Key points from the report include:

  • The Carbon Pricing Mechanism (CPM), also known as an ETS, and the Large-scale Renewable Energy Target (LRET) are complementary market mechanisms that together support Australia’s transition to a low carbon economy.
  • With carbon pricing in place, even at low prices, the modelling suggests that the large-scale renewable energy credits (LGC) market will continue to support the development of 7 GW of onshore wind energy at LGC prices between $40-75/MWh, achieving close to the 41,000 GWh RET target by 2020.
  • The modelling finds that should the carbon price be repealed, the price of LGC would likely spike to near the effective penalty price of A$85/MWh (the price of not purchasing a credit), at which point LGC prices would be capped, making the build of renewable assets uneconomic.

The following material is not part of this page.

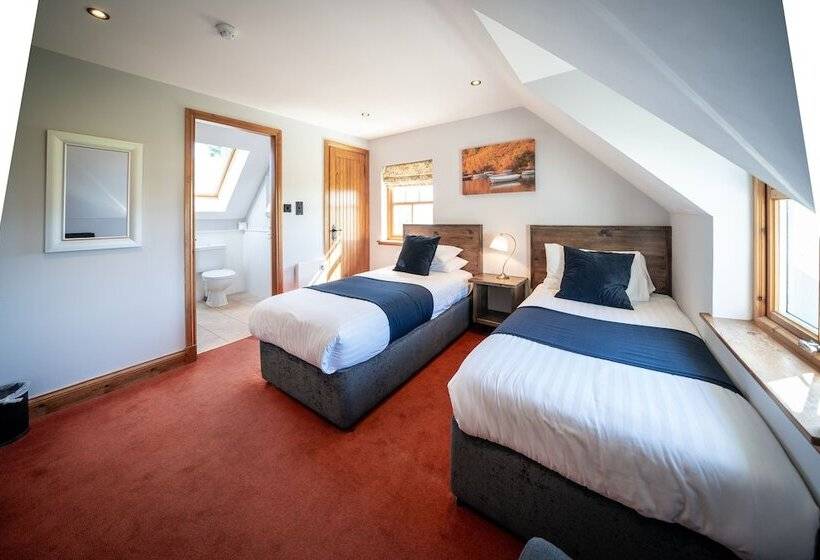 غرفة قياسية, Oak Tree Inn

  • If the carbon price is repealed, investment in renewable energy in Australia would slow, as retailers choose to pay the penalty price instead of buying LGC at prices above A$80.
  • Repealing the carbon price would severely limit investment in additional onshore wind energy, potentially resulting in a capacity shortfall of nearly 6 GW, meaning that by 2020 only 14% of our energy would come from renewables – well short of our 20% RET target.
  • While wholesale electricity prices would be lower if the carbon price is repealed, retail customers would be unlikely to receive the benefit of any fall in wholesale prices, as electricity companies would actually be paying more under the LRET scheme. In other words, the outcome would likely be higher retail electricity prices, without the additional competition from wind energy or the benefits of shifting to a clean energy economy.

“WWF is urging all parties contesting the upcoming election to include a price and limit on pollution, like an ETS, as part of their climate change policies and commit to stronger pollution reduction targets,” Ms Caught said.